Stanford economist: Remote work drives US productivity boom, not AI
Original: America's productivity boom started before AI, and a Stanford economist who decoded the Great Resignation says working from home is the reason why | Fortune
Why This Matters
Challenges AI productivity narrative, supports remote work policies amid corporate return-to-office mandates.
Stanford economist Nicholas Bloom attributes America's 2% annual productivity growth over five years to remote work policies rather than AI. The productivity surge began post-2020 when work-from-home arrangements expanded, contrasting with 1% growth in the 2010s.

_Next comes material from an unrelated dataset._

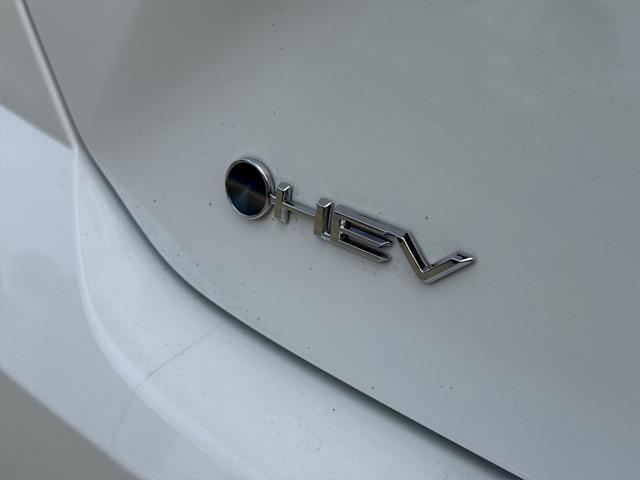 Photo of 2025 Ice Cap Toyota Camry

Nicholas Bloom, Stanford economics professor known for explaining the Great Resignation, argues that remote work is the primary driver behind America's productivity boom rather than AI hype. US non-farm business productivity has grown 2% annually for five years, double the 1% rate of the 2010s, surprising Federal Reserve Chairman Jerome Powell. Bloom cites research showing remote work increases productivity by eliminating commute time and office distractions while expanding labor force participation. Despite this, over half of Fortune 100 companies now require full in-office work, including Amazon, Home Depot, and Instagram. Bloom suggests hybrid arrangements with two office days and three remote days may optimize productivity, calling five-day office mandates counterintuitive and driven by CEO preferences rather than business needs.